MegEngine/MegDiffusion

About padding in Downsample

Closed this issue · 3 comments

I'm willing to upload my convert codes, but it doesn't work well after converting.
The error between megengine and pytorch implementation are high with the same input.
Because of the padding of convolution in Downsample are different, which in pytorch implementation it uses asymmetric padding.
Atfter I modified the megengine implmetation, the result:

class DownSample(M.Module):
    """"A downsampling layer with an optional convolution.

    Args:
        in_ch: channels in the inputs and outputs.
        use_conv: if ``True``, apply convolution to do downsampling; otherwise use pooling.
    """""

    def __init__(self, in_ch, with_conv=True):
        super().__init__()
        self.with_conv = with_conv
        if with_conv:
            self.main = M.Conv2d(in_ch, in_ch, 3, stride=2)
        else:
            self.main = M.AvgPool2d(2, stride=2)

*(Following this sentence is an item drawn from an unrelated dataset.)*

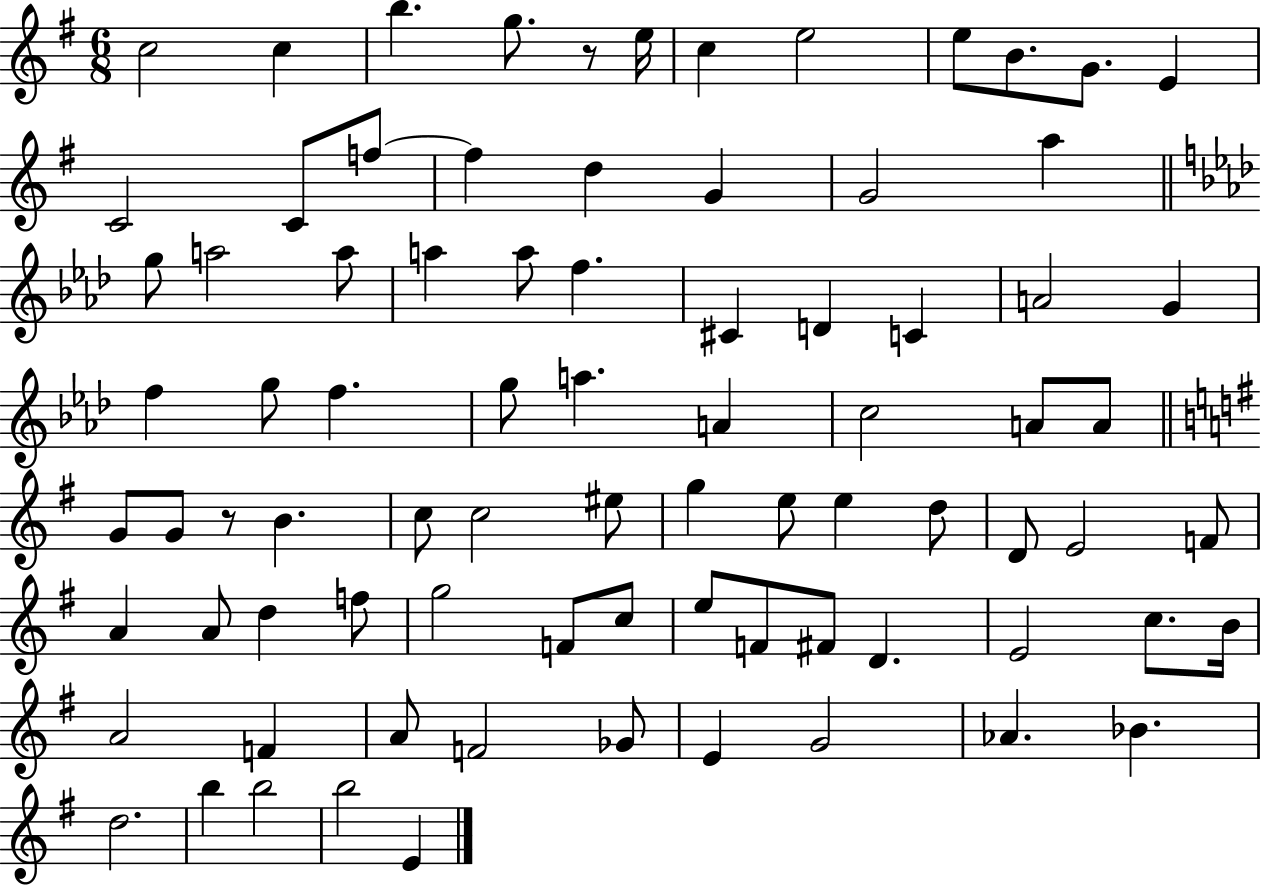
C5/h C5/q B5/q. G5/e. R/e E5/s C5/q E5/h E5/e B4/e. G4/e. E4/q C4/h C4/e F5/e F5/q D5/q G4/q G4/h A5/q G5/e A5/h A5/e A5/q A5/e F5/q. C#4/q D4/q C4/q A4/h G4/q F5/q G5/e F5/q. G5/e A5/q. A4/q C5/h A4/e A4/e G4/e G4/e R/e B4/q. C5/e C5/h EIS5/e G5/q E5/e E5/q D5/e D4/e E4/h F4/e A4/q A4/e D5/q F5/e G5/h F4/e C5/e E5/e F4/e F#4/e D4/q. E4/h C5/e. B4/s A4/h F4/q A4/e F4/h Gb4/e E4/q G4/h Ab4/q. Bb4/q. D5/h. B5/q B5/h B5/h E4/q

    def _initialize(self):
        for module in self.modules():
            if isinstance(module, M.Conv2d):
                init.xavier_uniform_(module.weight)
                init.zeros_(module.bias)

    def forward(self, x, temb):  # add unused temb param here just for convince
        if self.with_conv:
            x = F.nn.pad(x, [*[(0, 0)
                         for i in range(x.ndim - 2)], (0, 1), (0, 1)])
        return self.main(x)

image

Btw, I'm also a beginner in ddpm, your blog helps me a lot!

Originally posted by @Asthestarsfalll in #5 (comment)

@Asthestarsfalll pesser‘s repo shows how to do the conversion from tf to torch in convert.py. But it's inference steps are not verified. Actually, This model is the source code I refer to and asymmetric padding is not used there. And I do not find asymmetric padding logic in Ho's implementation(tensorflow).

It's so confusing. Can you understand the author's reason for doing this?

You are right. In Tensorflow design, Conv2d's padding behavior is different. I will fix it soon.

Fixed in ddpm model.